_WHAT THE TASK REQUIRES_
Quote every line below exactly and skip any picture.

_DATA BLOCK_
# # # #

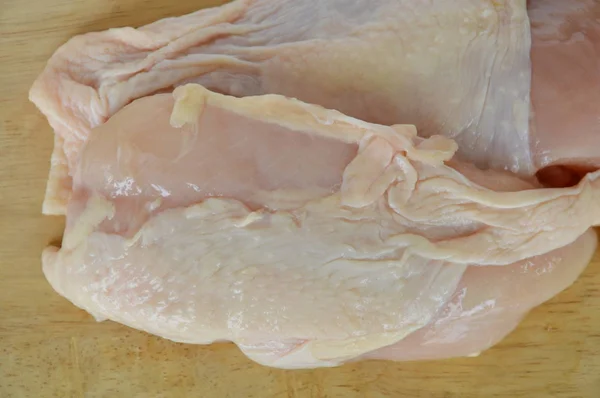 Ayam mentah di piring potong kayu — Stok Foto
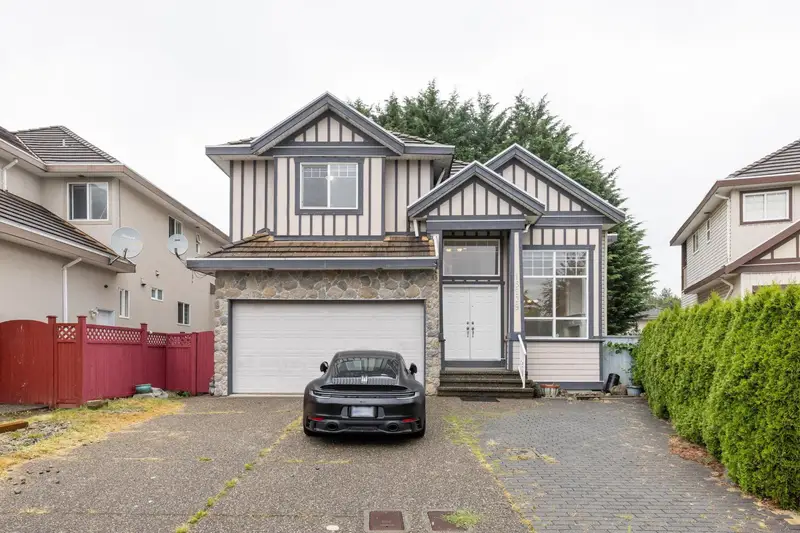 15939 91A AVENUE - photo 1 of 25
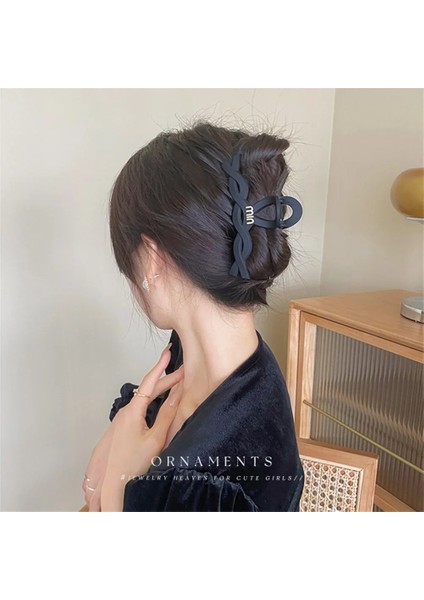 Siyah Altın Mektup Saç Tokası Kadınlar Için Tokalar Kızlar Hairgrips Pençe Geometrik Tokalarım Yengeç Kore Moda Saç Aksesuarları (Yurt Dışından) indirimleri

# # # #

_RESPONSE TO THIS EXERCISE_
 Ayam mentah di piring potong kayu — Stok Foto
 15939 91A AVENUE - photo 1 of 25
 Siyah Altın Mektup Saç Tokası Kadınlar Için Tokalar Kızlar Hairgrips Pençe Geometrik Tokalarım Yengeç Kore Moda Saç Aksesuarları (Yurt Dışından) indirimleri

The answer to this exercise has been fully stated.